А немцы устраивали за корректировщиками настоящую охоту. И, обнаружив, снарядов не жалели, долбили до конца. Один корректировщик заполз с рацией под подбитый танк на нейтральной полосе, и работал оттуда. Когда немцы вытеснили наших, вызвал огонь на себя. Прямого попадания в танк не случилось, немцы несколькими снарядами с канонерки были разбросаны. Моряка контузило. Пришел в себя ночью от того, что кто-то трогал его: «Дяденька, дяденька…». Мальчишка из местных вывел к своим.
Когда Яшин попал на «Усыскин», первый командир корректировочного поста лейтенант Телепаев был в госпитале — множественное осколочное ранение. Его заменил лейтенант Шичко.
Позывной «Усыскина» был «Волга». И моряки очень гордились радиограммой: «Волга» — молодец! Генерал-полковник Еременко».
Во время стоянки на якоре в обязанности бакового матроса входило наблюдение за тем, что происходит по носу корабля. Яшин заметил, что время от времени матрос подает какой-то сигнал, и моряки бросаются в шлюпку. Оказывается, по Ахтубе плыла глушеная рыба.
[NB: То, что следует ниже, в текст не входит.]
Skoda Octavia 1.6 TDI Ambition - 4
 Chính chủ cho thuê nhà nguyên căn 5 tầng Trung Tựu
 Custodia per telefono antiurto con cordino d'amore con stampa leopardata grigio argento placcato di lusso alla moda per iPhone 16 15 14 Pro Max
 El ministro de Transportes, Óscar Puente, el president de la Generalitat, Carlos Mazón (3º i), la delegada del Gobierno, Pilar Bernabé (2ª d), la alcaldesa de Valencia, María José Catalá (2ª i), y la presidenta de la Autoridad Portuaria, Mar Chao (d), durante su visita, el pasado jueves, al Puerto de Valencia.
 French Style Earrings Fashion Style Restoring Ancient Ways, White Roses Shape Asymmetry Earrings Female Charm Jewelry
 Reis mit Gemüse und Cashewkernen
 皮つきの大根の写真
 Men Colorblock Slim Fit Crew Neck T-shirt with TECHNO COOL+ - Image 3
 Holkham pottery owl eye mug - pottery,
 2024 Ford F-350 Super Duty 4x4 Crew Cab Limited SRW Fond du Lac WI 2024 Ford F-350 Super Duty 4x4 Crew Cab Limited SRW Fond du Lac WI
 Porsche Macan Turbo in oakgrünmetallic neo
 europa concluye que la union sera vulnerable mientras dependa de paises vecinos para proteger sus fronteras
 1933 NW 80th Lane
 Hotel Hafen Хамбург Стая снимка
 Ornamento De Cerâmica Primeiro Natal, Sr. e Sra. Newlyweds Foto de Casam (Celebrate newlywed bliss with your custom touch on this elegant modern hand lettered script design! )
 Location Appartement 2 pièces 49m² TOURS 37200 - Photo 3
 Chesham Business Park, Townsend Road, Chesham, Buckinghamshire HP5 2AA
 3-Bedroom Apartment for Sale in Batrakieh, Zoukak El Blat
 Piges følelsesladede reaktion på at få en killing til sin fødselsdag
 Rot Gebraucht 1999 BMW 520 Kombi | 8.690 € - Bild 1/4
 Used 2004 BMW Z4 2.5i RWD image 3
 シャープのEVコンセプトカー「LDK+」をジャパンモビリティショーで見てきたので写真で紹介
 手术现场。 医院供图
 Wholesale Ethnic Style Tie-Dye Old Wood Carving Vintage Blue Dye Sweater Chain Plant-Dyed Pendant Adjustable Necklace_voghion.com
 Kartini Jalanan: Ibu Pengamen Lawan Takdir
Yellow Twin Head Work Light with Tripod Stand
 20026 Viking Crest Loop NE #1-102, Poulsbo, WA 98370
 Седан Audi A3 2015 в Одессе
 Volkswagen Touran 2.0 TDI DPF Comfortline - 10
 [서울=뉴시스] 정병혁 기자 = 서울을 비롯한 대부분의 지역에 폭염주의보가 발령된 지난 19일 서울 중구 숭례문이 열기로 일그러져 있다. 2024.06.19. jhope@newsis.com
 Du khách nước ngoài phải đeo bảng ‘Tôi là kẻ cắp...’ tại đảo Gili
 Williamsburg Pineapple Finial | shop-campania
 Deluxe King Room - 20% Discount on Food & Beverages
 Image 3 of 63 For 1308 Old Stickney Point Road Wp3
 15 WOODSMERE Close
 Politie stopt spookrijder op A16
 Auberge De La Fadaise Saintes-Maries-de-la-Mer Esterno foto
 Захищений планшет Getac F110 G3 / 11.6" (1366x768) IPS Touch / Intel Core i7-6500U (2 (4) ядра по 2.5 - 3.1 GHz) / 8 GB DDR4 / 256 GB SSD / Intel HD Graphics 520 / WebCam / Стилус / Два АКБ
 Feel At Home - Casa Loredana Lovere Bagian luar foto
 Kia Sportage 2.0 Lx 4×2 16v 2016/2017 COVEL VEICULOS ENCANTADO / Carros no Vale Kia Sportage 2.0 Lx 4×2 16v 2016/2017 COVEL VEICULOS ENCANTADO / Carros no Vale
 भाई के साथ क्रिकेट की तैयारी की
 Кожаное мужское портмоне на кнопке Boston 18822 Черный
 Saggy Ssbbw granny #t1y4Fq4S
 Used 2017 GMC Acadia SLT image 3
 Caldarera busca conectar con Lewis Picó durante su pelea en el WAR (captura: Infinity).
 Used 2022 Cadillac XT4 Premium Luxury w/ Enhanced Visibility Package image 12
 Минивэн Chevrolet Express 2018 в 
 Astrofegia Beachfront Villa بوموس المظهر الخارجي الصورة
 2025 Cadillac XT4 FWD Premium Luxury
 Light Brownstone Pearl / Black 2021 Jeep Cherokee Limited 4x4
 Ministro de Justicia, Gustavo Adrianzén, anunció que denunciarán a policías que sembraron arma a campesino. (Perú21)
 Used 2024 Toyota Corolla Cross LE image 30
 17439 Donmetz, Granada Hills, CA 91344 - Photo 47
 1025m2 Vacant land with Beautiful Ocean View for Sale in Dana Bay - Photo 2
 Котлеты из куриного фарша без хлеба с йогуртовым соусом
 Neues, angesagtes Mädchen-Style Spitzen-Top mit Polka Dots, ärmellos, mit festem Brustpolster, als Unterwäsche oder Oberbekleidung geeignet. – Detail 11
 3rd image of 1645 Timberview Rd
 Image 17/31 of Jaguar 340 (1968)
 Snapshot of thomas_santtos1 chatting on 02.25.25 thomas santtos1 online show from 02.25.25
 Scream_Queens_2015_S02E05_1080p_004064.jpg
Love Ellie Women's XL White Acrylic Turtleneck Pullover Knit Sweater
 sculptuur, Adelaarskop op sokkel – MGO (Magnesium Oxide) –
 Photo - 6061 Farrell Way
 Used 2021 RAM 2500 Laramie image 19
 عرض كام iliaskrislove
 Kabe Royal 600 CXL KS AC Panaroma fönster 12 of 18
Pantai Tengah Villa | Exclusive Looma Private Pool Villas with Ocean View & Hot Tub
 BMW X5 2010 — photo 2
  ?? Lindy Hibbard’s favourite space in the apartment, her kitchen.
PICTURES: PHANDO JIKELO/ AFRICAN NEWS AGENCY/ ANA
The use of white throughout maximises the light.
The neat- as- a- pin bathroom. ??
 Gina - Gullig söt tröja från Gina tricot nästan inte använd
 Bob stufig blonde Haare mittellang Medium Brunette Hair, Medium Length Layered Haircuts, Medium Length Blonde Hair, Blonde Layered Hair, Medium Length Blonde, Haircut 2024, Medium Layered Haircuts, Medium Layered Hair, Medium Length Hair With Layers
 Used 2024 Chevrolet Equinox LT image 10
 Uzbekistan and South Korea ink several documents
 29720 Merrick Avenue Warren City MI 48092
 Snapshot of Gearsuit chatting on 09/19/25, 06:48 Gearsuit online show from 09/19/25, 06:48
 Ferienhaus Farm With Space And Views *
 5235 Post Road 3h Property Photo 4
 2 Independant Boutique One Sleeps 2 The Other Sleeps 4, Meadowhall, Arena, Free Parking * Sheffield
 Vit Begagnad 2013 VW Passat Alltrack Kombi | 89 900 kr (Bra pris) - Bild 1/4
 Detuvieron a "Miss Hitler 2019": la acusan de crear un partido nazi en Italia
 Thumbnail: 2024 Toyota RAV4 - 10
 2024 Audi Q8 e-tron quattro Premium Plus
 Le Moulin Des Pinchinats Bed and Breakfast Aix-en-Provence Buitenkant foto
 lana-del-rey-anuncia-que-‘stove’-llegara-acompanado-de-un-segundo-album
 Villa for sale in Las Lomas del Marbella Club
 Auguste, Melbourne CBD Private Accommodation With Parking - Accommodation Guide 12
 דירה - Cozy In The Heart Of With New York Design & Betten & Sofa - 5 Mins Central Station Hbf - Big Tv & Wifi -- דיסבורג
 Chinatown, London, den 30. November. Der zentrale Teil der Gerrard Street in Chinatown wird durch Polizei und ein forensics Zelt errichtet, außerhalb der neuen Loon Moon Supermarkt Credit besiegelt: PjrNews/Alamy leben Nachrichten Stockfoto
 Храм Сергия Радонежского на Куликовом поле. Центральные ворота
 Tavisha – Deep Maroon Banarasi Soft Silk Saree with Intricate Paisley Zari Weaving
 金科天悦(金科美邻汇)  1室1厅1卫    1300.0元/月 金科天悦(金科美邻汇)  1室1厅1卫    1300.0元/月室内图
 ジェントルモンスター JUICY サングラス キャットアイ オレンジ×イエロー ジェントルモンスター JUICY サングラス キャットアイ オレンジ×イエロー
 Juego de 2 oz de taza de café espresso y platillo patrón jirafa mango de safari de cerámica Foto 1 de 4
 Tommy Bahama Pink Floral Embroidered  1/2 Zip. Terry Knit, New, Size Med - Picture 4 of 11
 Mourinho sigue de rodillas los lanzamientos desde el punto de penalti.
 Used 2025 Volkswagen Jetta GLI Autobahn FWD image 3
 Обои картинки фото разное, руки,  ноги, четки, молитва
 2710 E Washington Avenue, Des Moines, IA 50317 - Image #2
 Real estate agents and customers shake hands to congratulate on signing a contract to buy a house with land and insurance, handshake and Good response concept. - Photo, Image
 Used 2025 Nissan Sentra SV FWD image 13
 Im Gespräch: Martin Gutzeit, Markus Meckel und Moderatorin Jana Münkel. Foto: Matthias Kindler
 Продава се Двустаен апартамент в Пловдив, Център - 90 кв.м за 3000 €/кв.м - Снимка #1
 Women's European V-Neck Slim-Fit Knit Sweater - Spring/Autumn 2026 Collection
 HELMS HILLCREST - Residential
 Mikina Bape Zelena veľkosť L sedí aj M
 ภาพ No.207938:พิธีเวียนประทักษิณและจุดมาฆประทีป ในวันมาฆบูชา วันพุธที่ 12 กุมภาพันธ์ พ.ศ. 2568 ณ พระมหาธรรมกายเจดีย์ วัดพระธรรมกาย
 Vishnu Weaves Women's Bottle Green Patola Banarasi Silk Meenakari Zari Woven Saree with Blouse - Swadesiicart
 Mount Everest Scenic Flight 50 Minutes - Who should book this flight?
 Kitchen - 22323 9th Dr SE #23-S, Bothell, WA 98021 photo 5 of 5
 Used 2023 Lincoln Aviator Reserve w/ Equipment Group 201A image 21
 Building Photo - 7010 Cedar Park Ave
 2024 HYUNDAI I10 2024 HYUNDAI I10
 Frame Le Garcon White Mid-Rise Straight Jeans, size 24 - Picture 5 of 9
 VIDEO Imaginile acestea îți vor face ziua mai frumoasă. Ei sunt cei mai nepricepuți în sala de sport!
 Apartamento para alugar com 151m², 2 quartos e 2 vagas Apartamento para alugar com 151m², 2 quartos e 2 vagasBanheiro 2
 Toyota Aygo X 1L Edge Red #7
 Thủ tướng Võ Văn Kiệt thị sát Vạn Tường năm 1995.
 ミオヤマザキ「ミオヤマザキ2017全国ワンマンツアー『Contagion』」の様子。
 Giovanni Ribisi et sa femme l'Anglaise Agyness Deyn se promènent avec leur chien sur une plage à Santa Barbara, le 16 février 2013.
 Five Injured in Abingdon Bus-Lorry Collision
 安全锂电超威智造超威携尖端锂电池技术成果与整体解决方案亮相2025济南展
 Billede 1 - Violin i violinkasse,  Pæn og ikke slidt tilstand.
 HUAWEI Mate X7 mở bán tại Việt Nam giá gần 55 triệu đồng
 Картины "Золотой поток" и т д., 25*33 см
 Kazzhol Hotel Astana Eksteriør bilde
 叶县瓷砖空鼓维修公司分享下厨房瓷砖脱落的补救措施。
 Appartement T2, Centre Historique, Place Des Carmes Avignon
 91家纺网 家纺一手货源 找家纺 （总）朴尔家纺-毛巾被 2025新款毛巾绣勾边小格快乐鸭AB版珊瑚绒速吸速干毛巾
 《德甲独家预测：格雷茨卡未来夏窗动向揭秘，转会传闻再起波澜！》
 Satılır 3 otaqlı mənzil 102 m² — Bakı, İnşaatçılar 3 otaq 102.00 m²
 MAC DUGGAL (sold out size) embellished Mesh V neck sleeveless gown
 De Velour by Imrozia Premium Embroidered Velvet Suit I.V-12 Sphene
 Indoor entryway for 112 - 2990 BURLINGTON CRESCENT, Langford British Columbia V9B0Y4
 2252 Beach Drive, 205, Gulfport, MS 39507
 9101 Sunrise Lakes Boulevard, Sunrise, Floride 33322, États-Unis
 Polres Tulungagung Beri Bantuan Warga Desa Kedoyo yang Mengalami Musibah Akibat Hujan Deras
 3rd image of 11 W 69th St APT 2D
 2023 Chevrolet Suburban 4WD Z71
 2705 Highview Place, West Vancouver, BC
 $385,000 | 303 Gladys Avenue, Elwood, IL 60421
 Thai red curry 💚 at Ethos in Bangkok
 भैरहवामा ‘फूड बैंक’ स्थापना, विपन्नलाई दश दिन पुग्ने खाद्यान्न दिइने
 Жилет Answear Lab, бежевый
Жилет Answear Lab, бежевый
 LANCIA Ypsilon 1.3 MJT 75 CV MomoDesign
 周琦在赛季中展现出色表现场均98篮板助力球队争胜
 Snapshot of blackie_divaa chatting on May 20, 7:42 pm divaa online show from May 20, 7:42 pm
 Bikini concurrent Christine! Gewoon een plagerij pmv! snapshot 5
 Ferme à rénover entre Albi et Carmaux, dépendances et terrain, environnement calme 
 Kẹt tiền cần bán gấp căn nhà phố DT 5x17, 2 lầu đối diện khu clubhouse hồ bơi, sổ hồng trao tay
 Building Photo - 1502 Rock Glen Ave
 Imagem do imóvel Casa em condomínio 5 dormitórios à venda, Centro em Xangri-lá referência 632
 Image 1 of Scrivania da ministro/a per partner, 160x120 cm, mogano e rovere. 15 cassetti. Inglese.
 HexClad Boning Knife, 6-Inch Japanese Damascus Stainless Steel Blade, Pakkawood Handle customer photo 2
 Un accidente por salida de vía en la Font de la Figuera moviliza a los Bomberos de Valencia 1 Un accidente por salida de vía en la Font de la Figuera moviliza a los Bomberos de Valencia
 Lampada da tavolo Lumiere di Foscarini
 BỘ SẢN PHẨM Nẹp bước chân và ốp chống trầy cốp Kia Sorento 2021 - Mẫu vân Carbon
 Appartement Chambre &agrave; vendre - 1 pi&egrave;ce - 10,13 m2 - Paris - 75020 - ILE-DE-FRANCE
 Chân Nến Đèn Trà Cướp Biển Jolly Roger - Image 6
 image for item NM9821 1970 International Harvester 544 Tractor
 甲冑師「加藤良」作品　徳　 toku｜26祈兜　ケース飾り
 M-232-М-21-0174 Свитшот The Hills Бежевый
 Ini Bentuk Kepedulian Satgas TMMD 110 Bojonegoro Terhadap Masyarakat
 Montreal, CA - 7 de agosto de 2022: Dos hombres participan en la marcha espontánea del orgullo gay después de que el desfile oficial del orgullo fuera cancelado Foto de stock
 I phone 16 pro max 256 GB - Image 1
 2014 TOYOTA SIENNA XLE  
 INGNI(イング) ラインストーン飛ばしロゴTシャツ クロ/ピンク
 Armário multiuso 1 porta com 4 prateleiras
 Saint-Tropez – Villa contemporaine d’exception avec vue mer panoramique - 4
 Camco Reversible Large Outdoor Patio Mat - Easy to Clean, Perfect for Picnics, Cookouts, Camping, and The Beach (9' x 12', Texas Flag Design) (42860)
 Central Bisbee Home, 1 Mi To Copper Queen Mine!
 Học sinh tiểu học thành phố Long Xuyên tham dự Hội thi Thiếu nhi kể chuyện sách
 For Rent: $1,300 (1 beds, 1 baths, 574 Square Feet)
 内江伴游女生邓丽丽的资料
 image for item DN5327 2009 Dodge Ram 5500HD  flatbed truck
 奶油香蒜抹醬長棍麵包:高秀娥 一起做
Оглушить ее могло еще с ночи, на Волге, когда немецкие артиллеристы охотились за бронекатерами.
На второе утро, чувствуя в себе еще некоторую слабость, Яшин подошел к матросу, присел на кнехт. Напряженно начал смотреть вперед. Очень хотелось увидеть рыбу. «Товарищ старший политрук, вон… — матрос вытянул руку вперед, — дерево к воде наклонилось, так чуть правее». Яшин видел это дерево, но в окулярах бинокля нашел его не сразу. Правее в воде колыхалось светло-серое пятно.
— Рыба? — спросил Яшин.
— А то. И еще какая…
Яшин попросился у вахтенного офицера взять ее. Сел в шлюпку, уже почти оттолкнулся от борта. Матросы кинули сачок. «Как это я сразу о сачке не подумал, — мелькнуло у Яшина, — мог бы опростоволоситься». Со шлюпкой он управлялся неплохо — научился еще в Покровском затоне. Выгреб вперед, наискосок, выровнял шлюпку. Когда до рыбины оставалось метров десять, бросил весла, взял в руки сачок и вышел на нос.
Матросы высыпали смотреть, как поэт будет брать рыбу. Яшин поднял сачок, и теперь отчетливо было видно, плывет крупный сазан. Постояв с полминуты, Яшин сообразил, что шлюпку несет течением, так же как и сазана, потому он и не приближается. Яшин спиною почувствовал насмешливые взгляды матросов. Шагнул назад, сел на банку, положил сачок возле себя. Сделал несколько гребков, не вставая, прямо с борта, подвел сачок под рыбину и перевалил в шлюпку.
Задуманная Яшиным поэма имела размах, как имели размах те августовские и сентябрьские дни битвы. В отличие от Ораниенбаумского плацдарма, куда Яшин попал во время позиционных боев, здесь ему довелось увидеть и пережить самое трагическое — бомбежку города и наступление немцев.
В первый день, 23 августа, Яшин ни о чем не думал, кроме того, что ему надо быть рядом с Аней. Переправился на левый берег, не зная еще, жива ли она. И сердце сжималось от безнадежности, потому что напротив горел город и его ничто уже не могло спасти. В ту ночь один единственный раз за всю войну Яшин разуверился в конечной победе. Гнал от себя эту мысль и не мог прогнать. Потом дела затянули, это ощущение безнадежности отпустило, хотя в памяти осталось навсегда. «Вспоминаю, как я стоял на берегу Волги в ночь с 24 на 25 августа, смотрел на Сталинград в огне и говорил одно и то же: грядет фашизм». Это он записал в дневник через несколько месяцев.
Самые острые и в то же время размашистые строки были в начале поэмы: «Это горящий, а правильнее сказать, гибнущий город».
Дальше Яшин рассказывал, как на пути немцев стали краснофлотцы, как ударили по немцам канонерки, потом, как на защиту города записывались в добровольцы рабочие, потом — как в разбитом городе вновь начинала теплиться жизнь.
На выбитом из бочки днище
Кипел семейный самовар.
В трубу с родного пепелища
Щипцами подносили жар.
Этот эпизод не придуман, все это видели краснофлотцы с «Туры», ходившие 25 августа в город, и рассказали Яшину.
Одна из самых удачных глав поэмы — «Дочь Сталинграда».
В руках чемодан маленький
В ремнях одеяло и валенки.
Не в меру тепло одета,
Чтобы побольше взять:
Платьев на ней штук пять
И шуба поверх жакета.
Девушка шла к Волге, чтобы переправиться на левый берег. Во время бомбежки люди действительно надевали на себя все, что можно, и шли к пристаням.